Interesting that classical music fans don't bitch about "That Beethoven cover band" or "It ain't Bach without JSB!" they just go out and enjoy a night of Beethoven or Bach. Then again, nobody's releasing new material labeled as either of these guys so there ya go.


----------



## guitarman2 (Aug 25, 2006)

To me gilmour with out waters isn't quite Pink Floyd but a Floyd with rogers and without gilmour would be of little interest.


----------



## Milkman (Feb 2, 2006)

For me Pink Floyd was DSOTM through the Wall.

On those albums there was such a balance between Waters' angst and Gilmour's soul. That's not intended to dismiss Wright and Mason, but the Waters / Gilmour combination was a big thing for me.

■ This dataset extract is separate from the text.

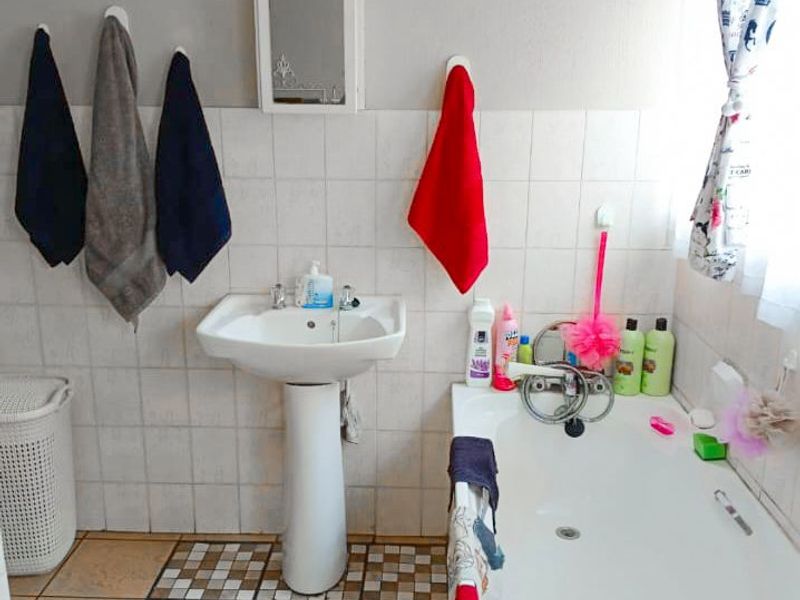 Stylish Secure Townhouse With Private Garden - Photo 8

Division Bell really sounded like a David Gilmour album to me. That's not a bad thing by any means. It just didn't sound like Floyd to me. Something was missing.


----------



## fretboard (May 31, 2006)

Earlier this week the band confirmed the upcoming release of _The Endless River_, an album of mainly ambient and instrumental music based on the 1993/4 Division Bell sessions. Yesterday, Graham Nash weighed in on the project and confirmed his involvement as well as that of David Crosby. 

In a recent interview with Vintage.tv Nash revealed, "I’m leaving here and taking the train to Brighton to go and sing with David Gilmour on his new record." Nash goes on to say both he and singing partner David Crosby, who each contributed vocals to _On An Island_, are working for free. "We’re not charging anybody. What the hell would it cost you to have David Crosby and Graham Nash getting on a bloody train to Brighton to sing with you? We are musicians? We love good songs. We will sing them until we are dead," Nash said. 

_The Endless River_ is produced by David Gilmour with Phil Manzanera, Youth and recording engineer Andy Jackson. Nick Mason also helped with the effort, which is said to feature contributions recorded by the late Rick Wright before he passed away. Roger Waters was not involved with _The Endless River_.


----------